Tuesday, March 16, 2010

New Left and the (next) new conjuncture.

Just finished reading Hall's account of what he calls the "first new left" (and the first "New Left Review" which is to say the NLR before Perry Anderson took over.) I am struck by several things but most centrally, I notice a certain amount of anxiety about how a socialist movement can arise in the midst of basic material affluence. Pace,

We also challenged the prevailing view that the so-called affluent society would of itself erode the appeal of socialist propaganda—that socialism could arise only out of immiseration and degradation. Our emphasis on people taking action for themselves, ‘building socialism from below’ and ‘in the here and now’, not waiting for some abstract Revolution to transform everything in the twinkling of an eye, proved, in the light of the re-emergence of these themes after 1968, strikingly prefigurative.

In other words, the orthodox Marxist claim that the only thing that might help push the revolution along was a dramatic material change seemed like an unlikely engine for social change at the time . As he says elsewhere in the article, "socialism was a conscious democratic movement and socialists were made, not born or given by the inevitable laws of history or the objective processes of the mode of production alone." On the one hand, the politics this inspired were quite important--in ways that I've not before heard. He writes of project of creating NLR clubs around Britain in order to engage people "where they were" and get conversations going about socialism, etc. They weren't alone, of course, in doing this and it's not entirely contextualized, but there is a real attention to politically engaging "the people" and getting them interested in these ideas and their importance for social change.
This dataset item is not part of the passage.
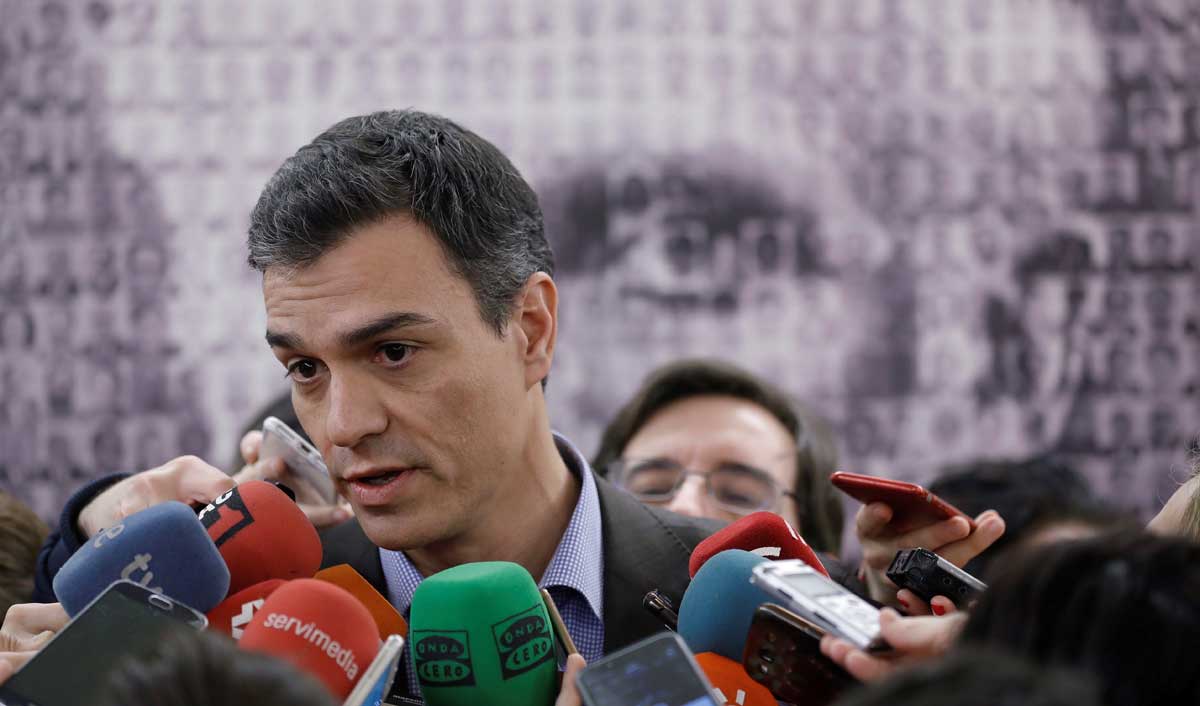 El secretario general del PSOE, Pedro Sánchez, en una comparecencia ante los medios.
In practice, this meant opening the conversations more and getting people engaged in the discussion rather than giving a top down proscription of what the discussion should look like--or such was Hall's ideal. While he draws a distinction between himself and Thompson earlier in the essay, by the end it is clear that, in terms of how he understood socialist activism at the time, he was also deeply inspired by Thompson's work on William Morris (presaging his work in Making of the Working Class). He quotes from his editorial in the first issue of NLR:

We have to go into towns and cities, universities and technical colleges, youth clubs and Trade Union branches and—as Morris said—make socialists there. We have come through 200 years of capitalism and 100 years of imperialism. Why should people—naturally—turn to socialism? There is no law which says that the Labour Movement, like a great inhuman engine, is going to throb its way into socialism or that we can, any longer . . . rely upon poverty and exploitation to drive people, like blind animals, towards socialism. Socialism is, and will remain, an active faith in a new society, to which we turn as conscious, thinking human beings. People have to be confronted with experience, called to the ‘society of equals’, not because they have never had it so bad, but because the ‘society of equals’ is better than the best soft-selling consumer capitalist society, and life is something lived, not something one passes through like tea through a strainer.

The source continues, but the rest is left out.